- _Records supplied_:
────────────────

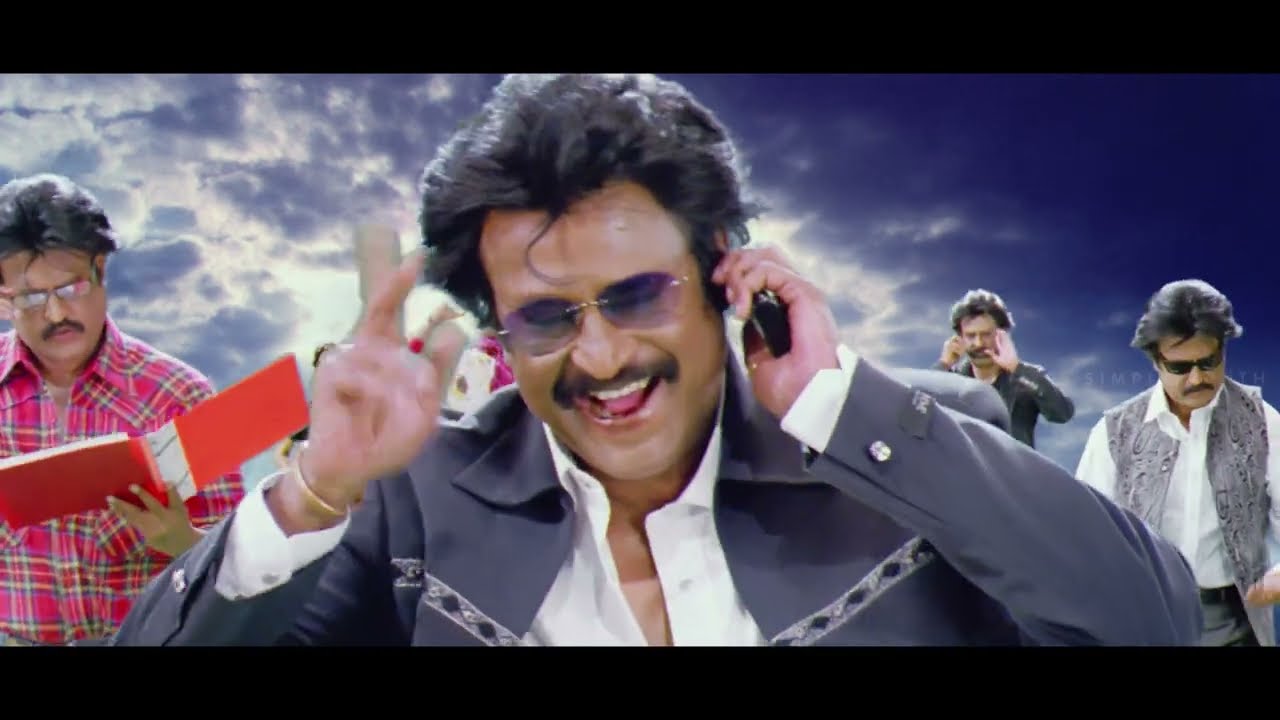 Cinema Cinema Song Lyrics | Kuselan | Shankar Mahadevan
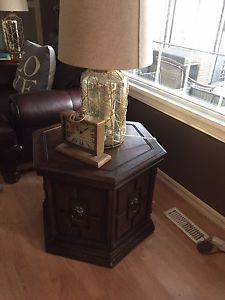Side table for pick up in west Edmonton
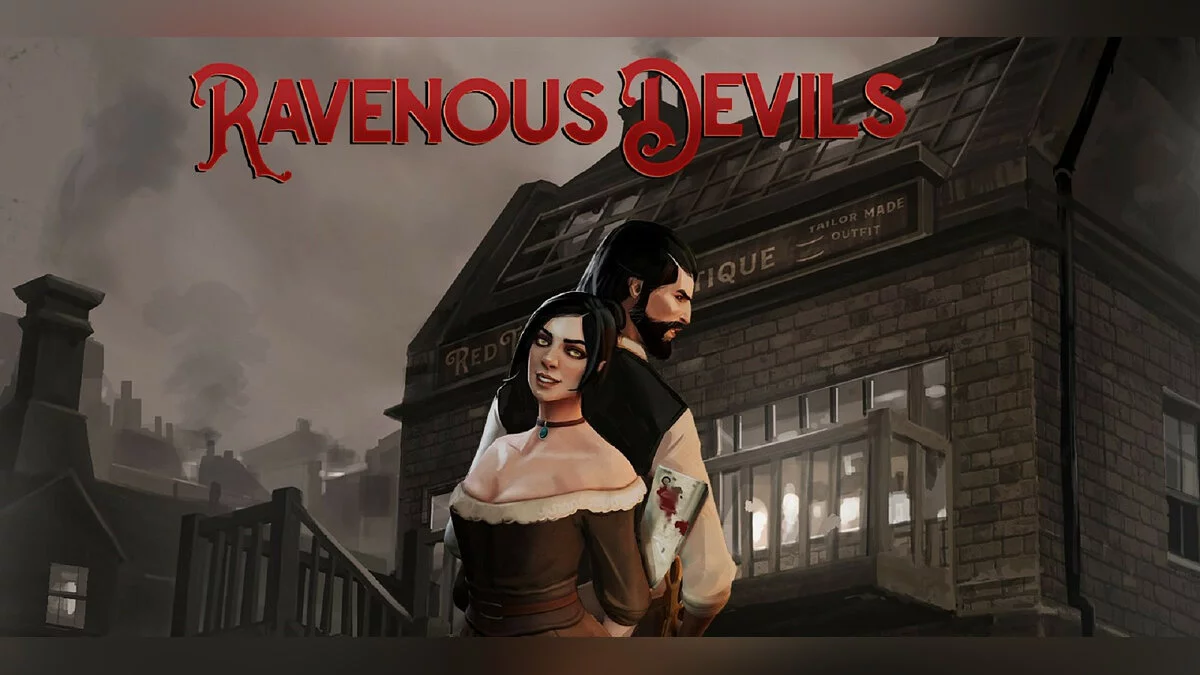 Скриншот из игры Ravenous Devils - 4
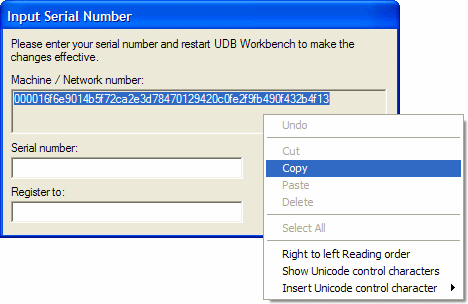 Use Ctrl+A to Select All text and Ctrl+C to Copy to the Clipboard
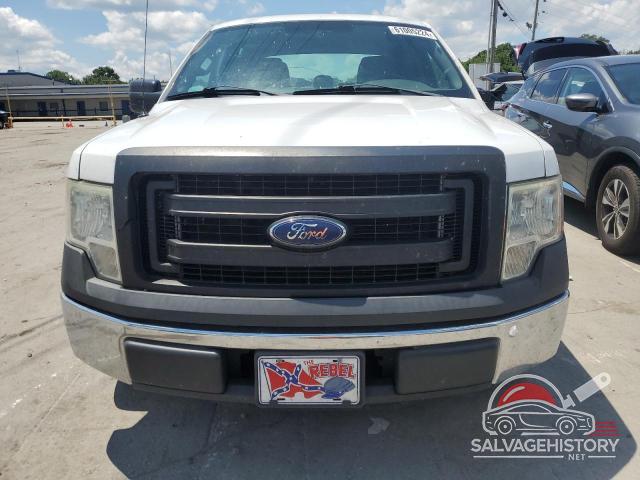 1FTEW1CMXDFA74909 2013 FORD F-150 photo no. 5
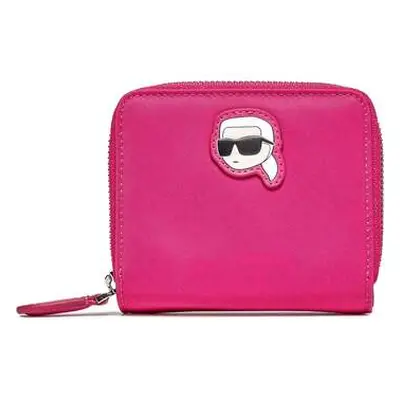 Karl Lagerfeld K Ikonik 2.0 Nylon women's Bag in Pink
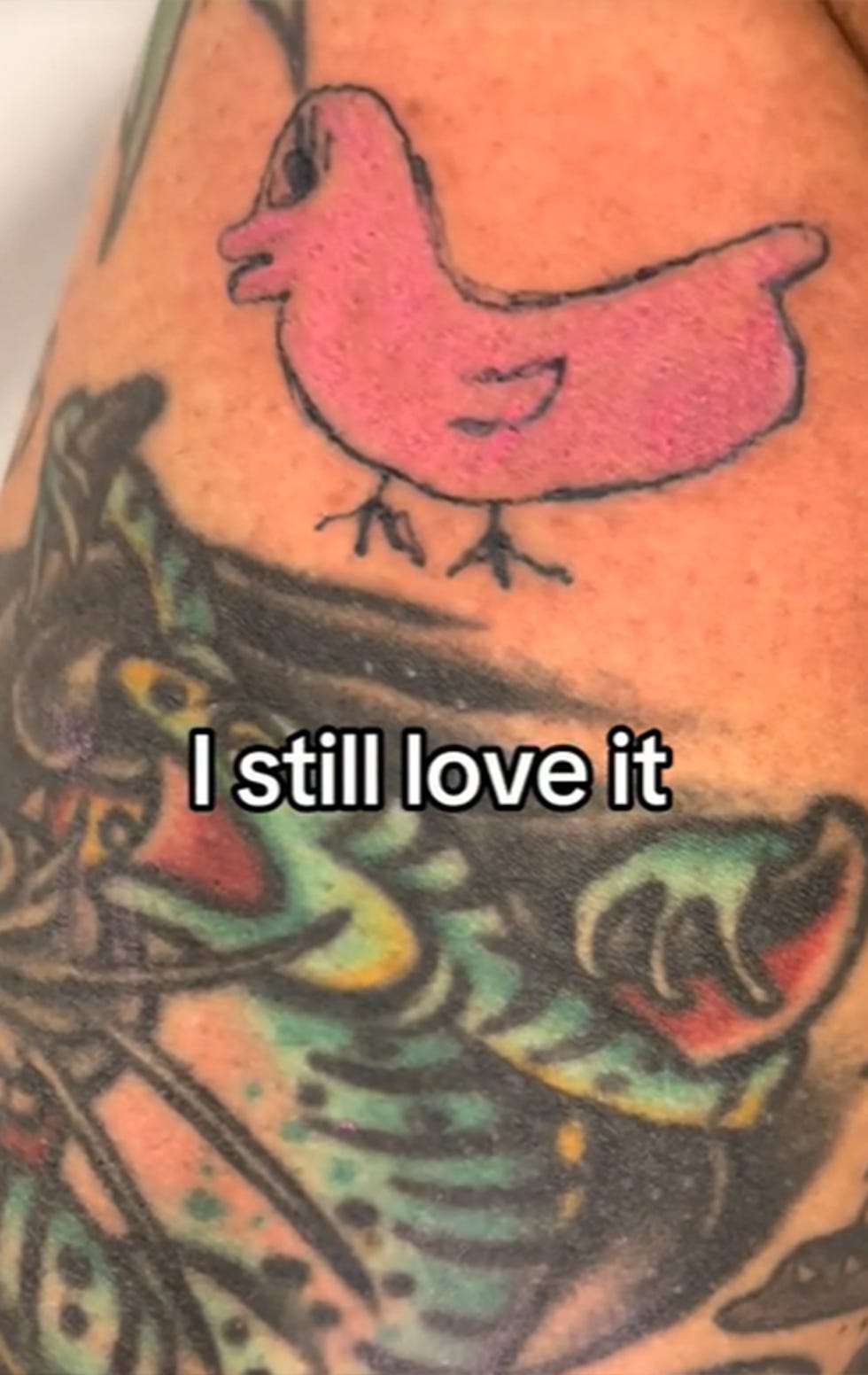 素人　tatto 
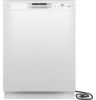 Picture of GE - Front Control Built-In Dishwasher with 59 dBA - White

────────────────

- _Work instructions_:
For this exercise, retype exactly, and only, the lines from the line with "Karl Lagerfeld K" through the last line of the material above, both included. Pictures stay out.

- _Response area_:
 Karl Lagerfeld K Ikonik 2.0 Nylon women's Bag in Pink
 素人　tatto 
 Picture of GE - Front Control Built-In Dishwasher with 59 dBA - White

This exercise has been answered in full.